REQUIRED ACTION. Nothing but an exact copy is asked for: the lines in the material below from the one with "DACIA SANDERO 2016/1 - 7" through the one with "Used Ford Focus", pictures excluded.

INFORMATION SHOWN.
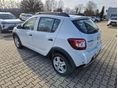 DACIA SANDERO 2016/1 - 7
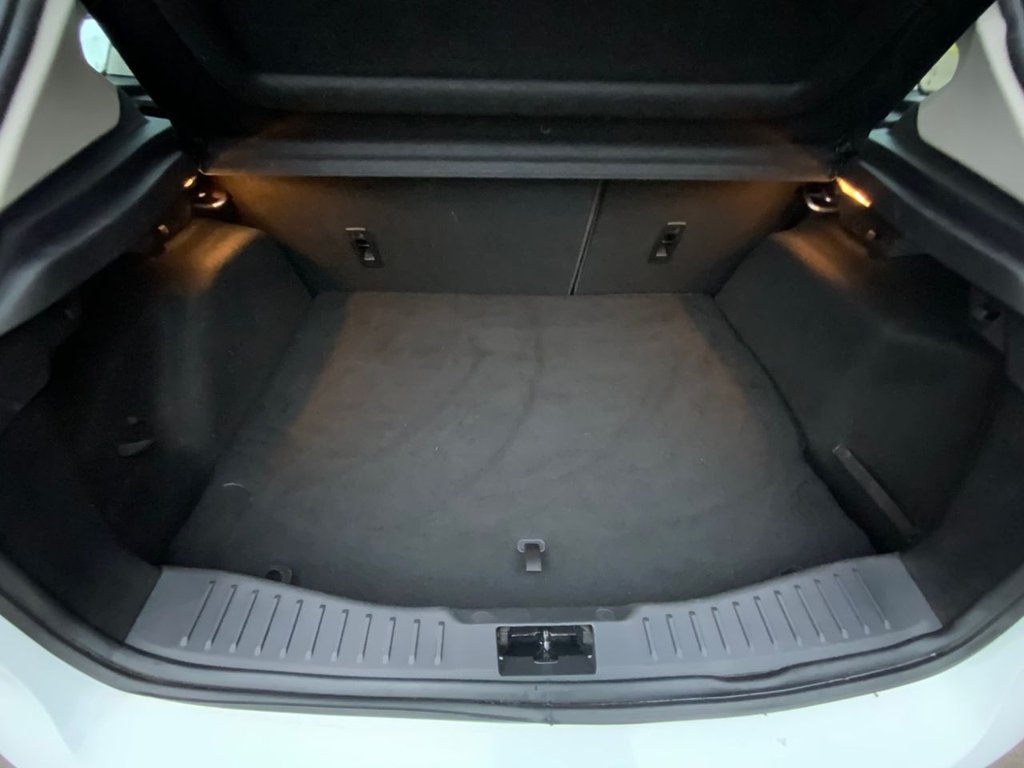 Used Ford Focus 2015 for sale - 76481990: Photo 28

--

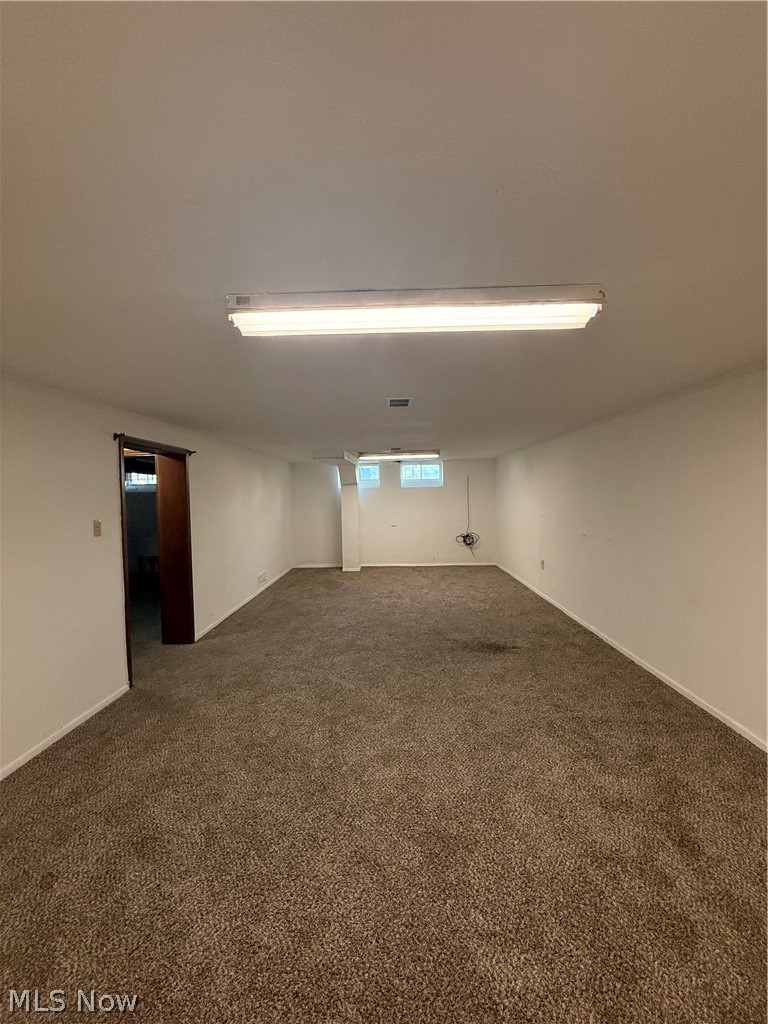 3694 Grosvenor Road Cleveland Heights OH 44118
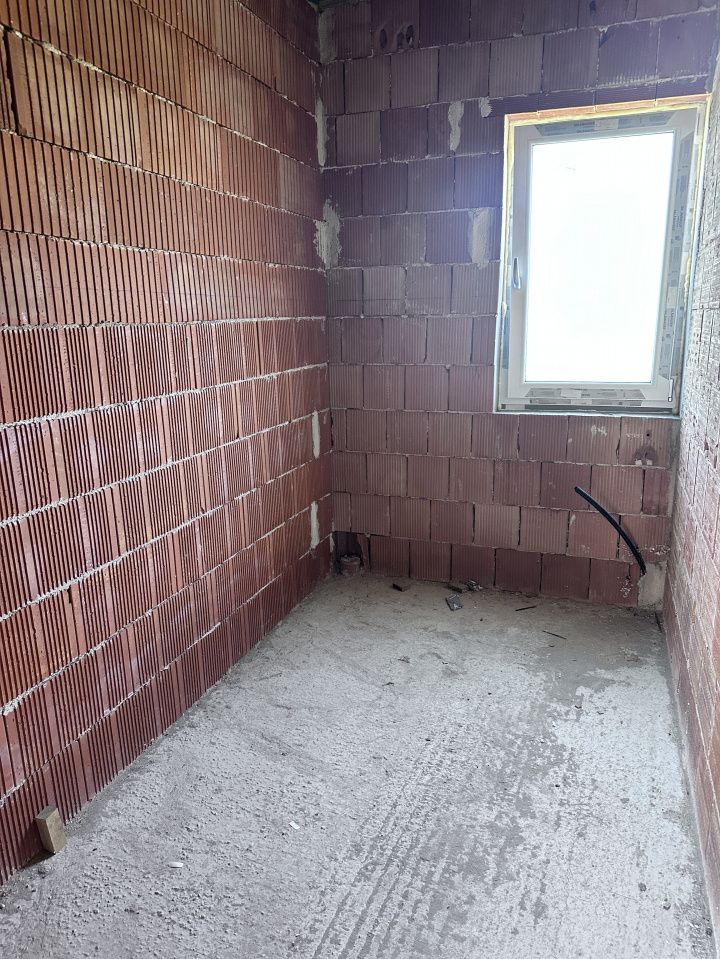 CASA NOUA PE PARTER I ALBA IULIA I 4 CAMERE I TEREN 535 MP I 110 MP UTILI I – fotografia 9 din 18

ANSWER SPACE.
 DACIA SANDERO 2016/1 - 7
 Used Ford Focus 2015 for sale - 76481990: Photo 28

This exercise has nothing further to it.